** What is required **
Without the images, print every line of the material below exactly as given.

** Data provided **
>>>>>

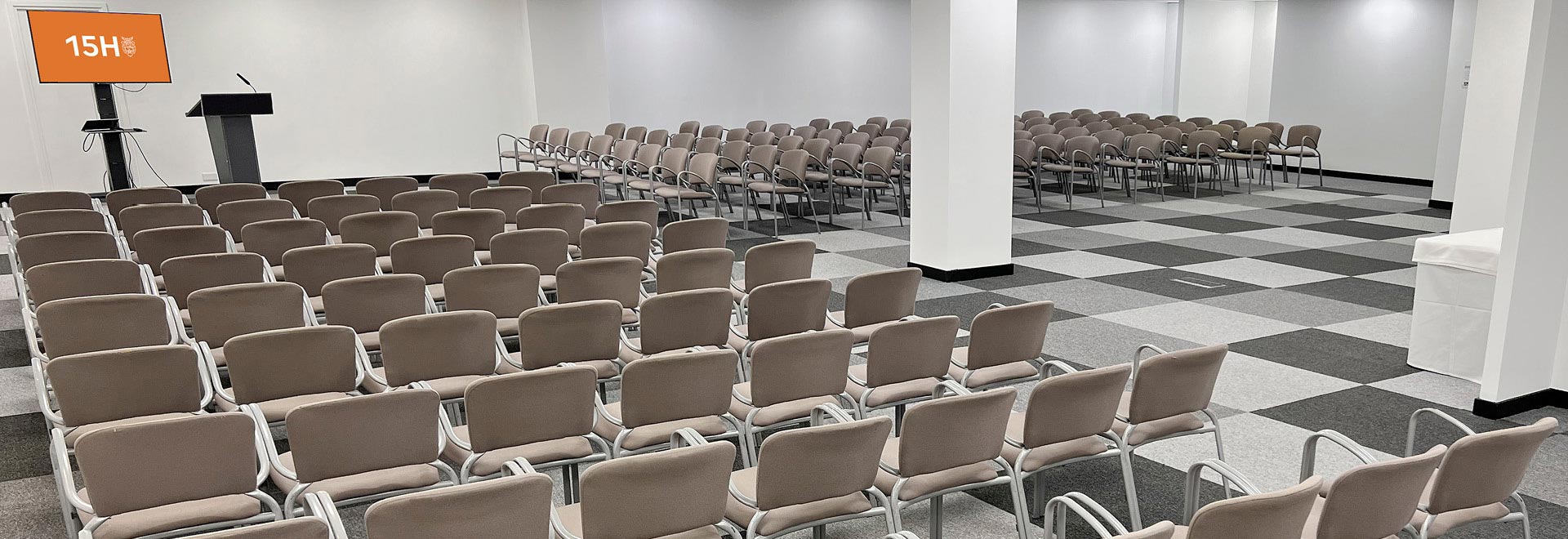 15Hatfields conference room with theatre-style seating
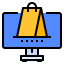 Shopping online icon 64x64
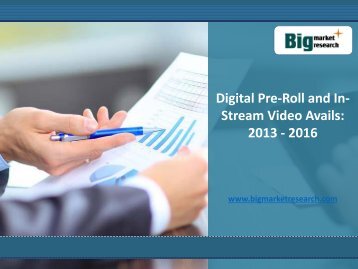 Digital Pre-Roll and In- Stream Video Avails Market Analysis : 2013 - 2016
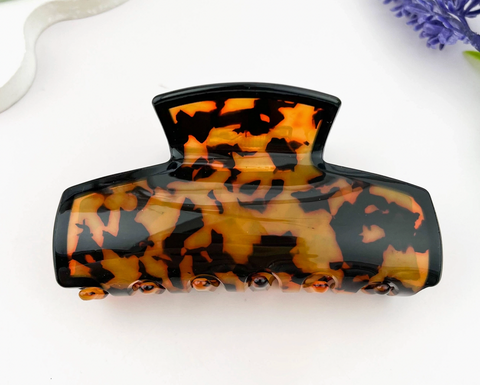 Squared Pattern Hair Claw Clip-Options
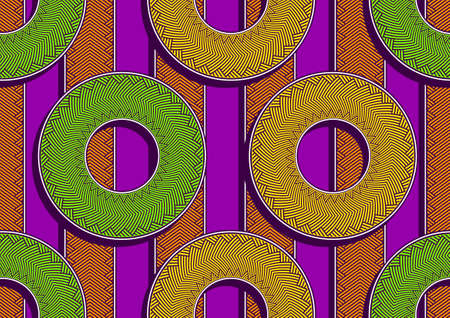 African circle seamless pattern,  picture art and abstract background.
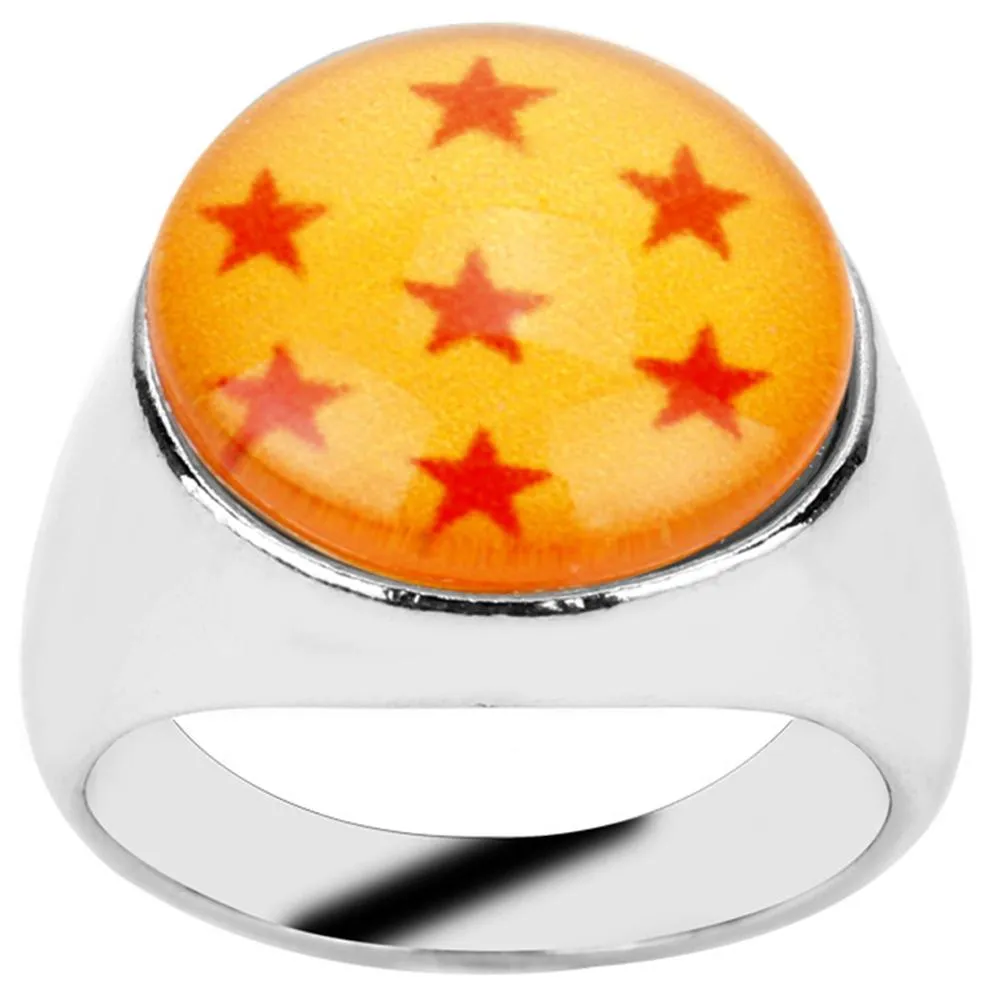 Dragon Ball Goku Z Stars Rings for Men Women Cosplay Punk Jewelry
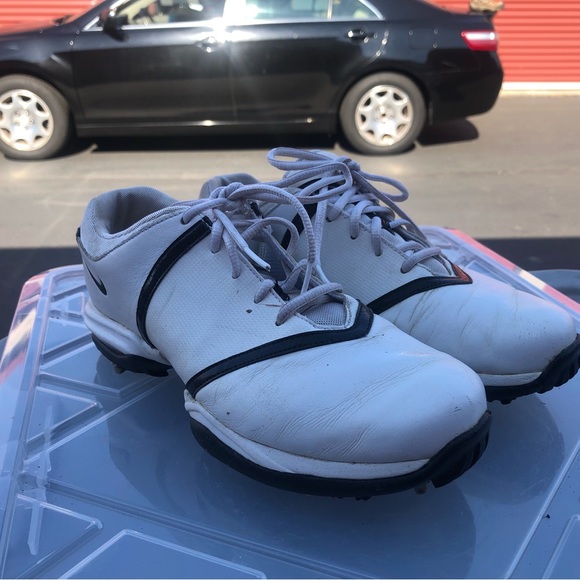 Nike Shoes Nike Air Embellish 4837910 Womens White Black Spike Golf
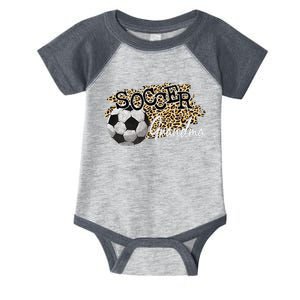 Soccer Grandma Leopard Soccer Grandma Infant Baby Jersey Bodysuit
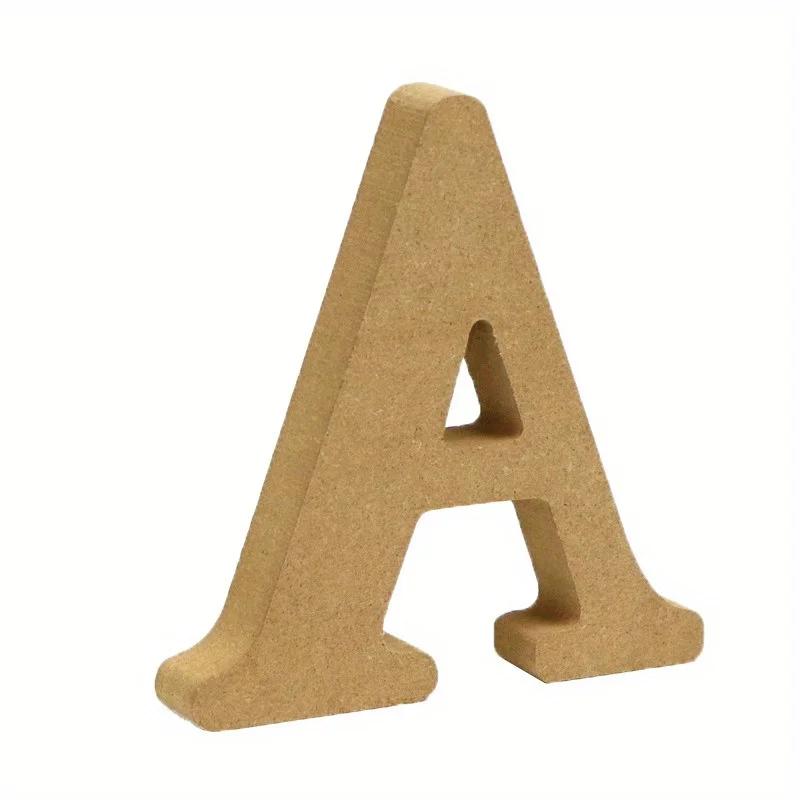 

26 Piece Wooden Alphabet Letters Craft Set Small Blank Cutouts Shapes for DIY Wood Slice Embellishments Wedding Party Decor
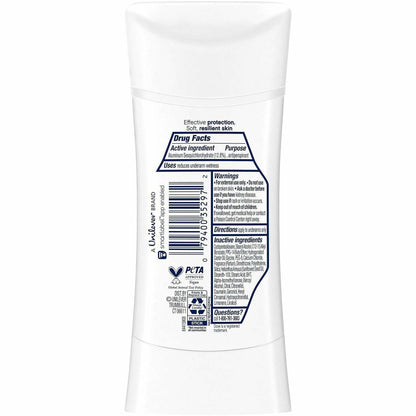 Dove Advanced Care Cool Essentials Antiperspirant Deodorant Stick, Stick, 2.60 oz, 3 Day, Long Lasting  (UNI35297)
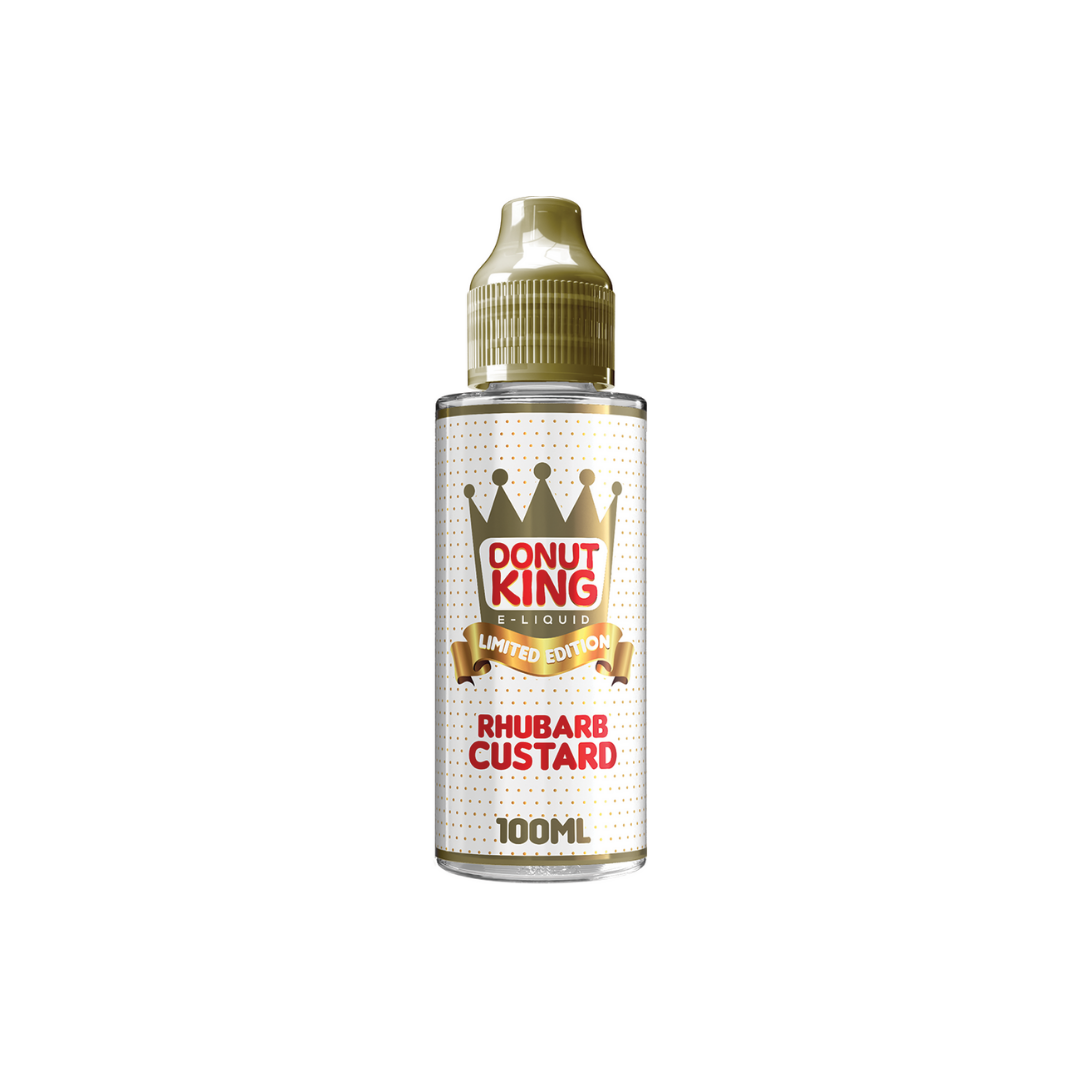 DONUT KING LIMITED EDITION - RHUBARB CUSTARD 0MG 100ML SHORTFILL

<<<<<

** Result of this task **
 15Hatfields conference room with theatre-style seating
 Shopping online icon 64x64
 Digital Pre-Roll and In- Stream Video Avails Market Analysis : 2013 - 2016
 Squared Pattern Hair Claw Clip-Options
 African circle seamless pattern,  picture art and abstract background.
 Dragon Ball Goku Z Stars Rings for Men Women Cosplay Punk Jewelry
 Nike Shoes Nike Air Embellish 4837910 Womens White Black Spike Golf
 Soccer Grandma Leopard Soccer Grandma Infant Baby Jersey Bodysuit

26 Piece Wooden Alphabet Letters Craft Set Small Blank Cutouts Shapes for DIY Wood Slice Embellishments Wedding Party Decor
 Dove Advanced Care Cool Essentials Antiperspirant Deodorant Stick, Stick, 2.60 oz, 3 Day, Long Lasting  (UNI35297)
 DONUT KING LIMITED EDITION - RHUBARB CUSTARD 0MG 100ML SHORTFILL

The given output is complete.